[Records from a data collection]
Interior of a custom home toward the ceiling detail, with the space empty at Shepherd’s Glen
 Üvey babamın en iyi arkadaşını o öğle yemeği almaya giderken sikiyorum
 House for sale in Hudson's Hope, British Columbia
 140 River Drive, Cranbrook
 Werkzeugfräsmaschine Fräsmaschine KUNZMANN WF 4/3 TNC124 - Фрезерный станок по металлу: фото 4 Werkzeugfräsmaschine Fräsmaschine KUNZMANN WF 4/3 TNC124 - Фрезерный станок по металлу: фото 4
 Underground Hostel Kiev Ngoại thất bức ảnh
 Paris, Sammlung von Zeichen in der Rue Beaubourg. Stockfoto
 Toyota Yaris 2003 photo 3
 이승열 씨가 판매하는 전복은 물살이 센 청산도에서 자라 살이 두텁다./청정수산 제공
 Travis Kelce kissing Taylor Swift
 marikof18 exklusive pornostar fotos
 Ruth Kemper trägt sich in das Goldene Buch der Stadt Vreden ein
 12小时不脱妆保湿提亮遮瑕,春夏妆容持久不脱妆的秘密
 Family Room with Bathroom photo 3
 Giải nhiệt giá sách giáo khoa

• _THE TASK_: All of the entries need to be reproduced exactly; please write them out.

• _RESPONSE_:
Interior of a custom home toward the ceiling detail, with the space empty at Shepherd’s Glen
 Üvey babamın en iyi arkadaşını o öğle yemeği almaya giderken sikiyorum
 House for sale in Hudson's Hope, British Columbia
 140 River Drive, Cranbrook
 Werkzeugfräsmaschine Fräsmaschine KUNZMANN WF 4/3 TNC124 - Фрезерный станок по металлу: фото 4 Werkzeugfräsmaschine Fräsmaschine KUNZMANN WF 4/3 TNC124 - Фрезерный станок по металлу: фото 4
 Underground Hostel Kiev Ngoại thất bức ảnh
 Paris, Sammlung von Zeichen in der Rue Beaubourg. Stockfoto
 Toyota Yaris 2003 photo 3
 이승열 씨가 판매하는 전복은 물살이 센 청산도에서 자라 살이 두텁다./청정수산 제공
 Travis Kelce kissing Taylor Swift
 marikof18 exklusive pornostar fotos
 Ruth Kemper trägt sich in das Goldene Buch der Stadt Vreden ein
 12小时不脱妆保湿提亮遮瑕,春夏妆容持久不脱妆的秘密
 Family Room with Bathroom photo 3
 Giải nhiệt giá sách giáo khoa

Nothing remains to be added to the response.